Fehleinschätzungen beim Personal sind teuer, schaffen Konflikte und können verheerende Folgen für das Arbeitsklima haben. Es wäre ein Fehler, bei Personalentscheidungen nicht auf den Bauch zu hören, wie zum Beispiel:

  • Wer wird eingestellt?
  • Wer wird Führungskraft?
  • Wer befördert?
  • Wer bekommt eine Gehaltserhöhung oder eine Prämie?


Was ist Intuition?

Für die Führungskräfte in den Unternehmen und Organisationen heute lautet die Frage: Wie kann man das Wissen der Hirnforschung für Personalentscheidungen nutzen?

Der Münchner Hirnforscher Ernst Pöppel (Zum Entscheiden geboren, 2008) unterscheidet drei Formen des Wissens. Neben dem sprachlichen und bildlichen Wissen nennt er das „intuitive Wissen“ oder das „stumme Wissen“, das sprachlich nicht verfügbar, aber deshalb nicht irrational sei, sondern mit einer eigenen Logik. Das intuitive Wissen, so Pöppel, funktioniere um so besser, „je reicher die Arbeitsplattform unseres Geistes ist, die mit Wissen aus frühesten Zeiten ausgestattet wird.“

Der Bremer Hirnforscher Gerhard Roth wurde in einem Interview (Gehirn&Geist 11/2007) nach dem intuitiven Wissen gefragt:

Ein hilfreicher Ansatz, das wurde auch empirisch nachgewiesen, besagt: Wäge zunächst ausgiebig rational ab und lass die Sache dann einige Zeit ruhen. Fühlt sich die gewählte Option immer noch gut an, tu es! Die Wahl, die wir am Ende treffen, ist immer emotional – es gibt ja eigentlich gar keine rationale Entscheidungen, nur rationale Erwägungen.

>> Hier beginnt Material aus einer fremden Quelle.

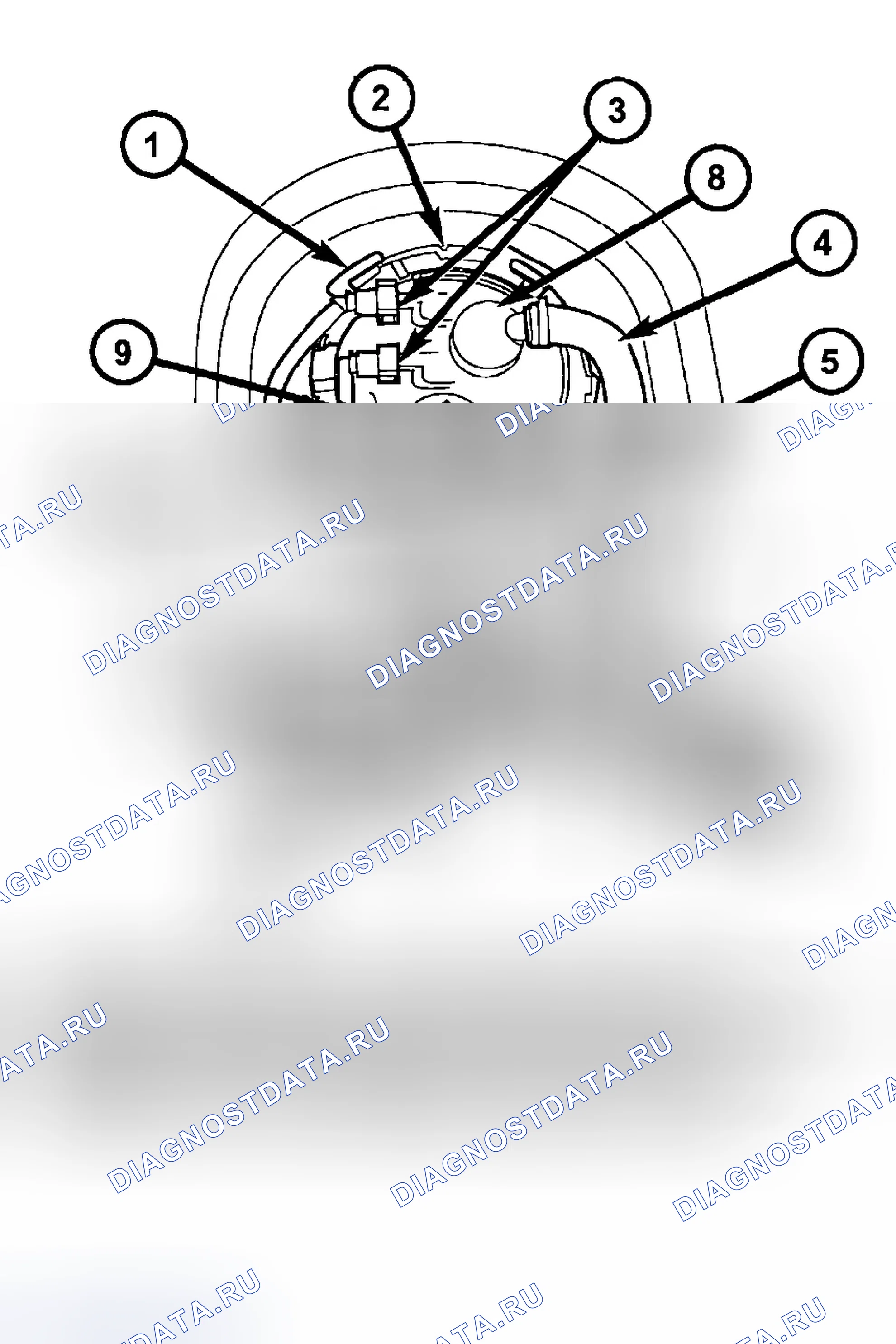 Рис. 22. Jeep Liberty I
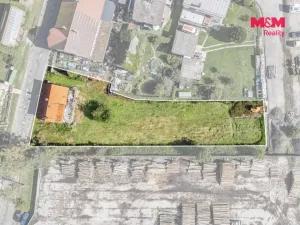 Prodej rodinného domu, Šárovcova Lhota, 160 m2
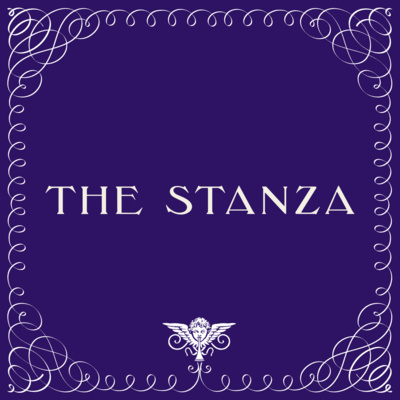The Stanza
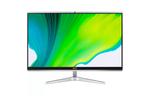 Компьютер Acer Aspire C24-1650/i5-1135G7 (DQ.BFSME.008)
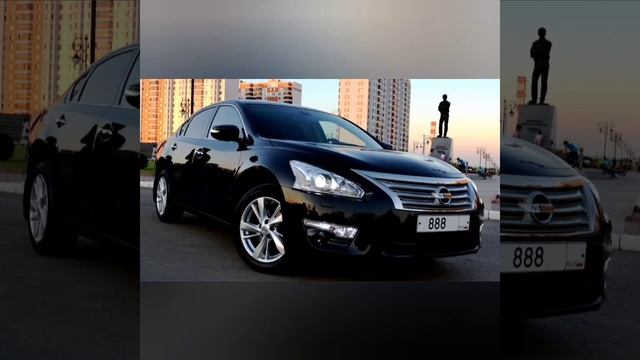 #авто#teana#комунравится смотреть онлайн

Gerd Gigerenzer hat am Max-Planck-Institut für Bildungsforschung viele Jahre über Intuition geforscht und seine Ergebnisse in dem Buch „Bauchentscheidungen“ in einer verständlichen Sprache veröffentlicht. Er schreibt, dass ein Großteil unseres geistigen Lebens sich unbewusst vollziehe und auf Prozessen beruhe, die nichts mit Logik zu tun haben. Er spricht von Bauchgefühlen, Intuitionen und der „Intelligenz des Unbewussten: Ohne zu denken wissen wir, welche Regel in welcher Situation vermutlich funktioniert.“

Intelligenz kann man sich als eine bewusste Tätigkeit vorstellen, die von den Gesetzen der Logik bestimmt wird. Benjamin Franklin soll seinem Neffen, der sich nicht zwischen zwei Frauen entscheiden konnte, die Pro-und-Kontra- Methode empfohlen haben, bei der das Für und Wider abzuwägen und zu gewichten ist. Ausgerechnet bei einer Entscheidung, bei der es nur auf Intuition ankommt. Die Franklin-Methode, bei der das Ziel ist, den höchsten Wert und den größten Nutzen zu ermitteln, sei nicht immer der beste Weg, meint Gigerenzer.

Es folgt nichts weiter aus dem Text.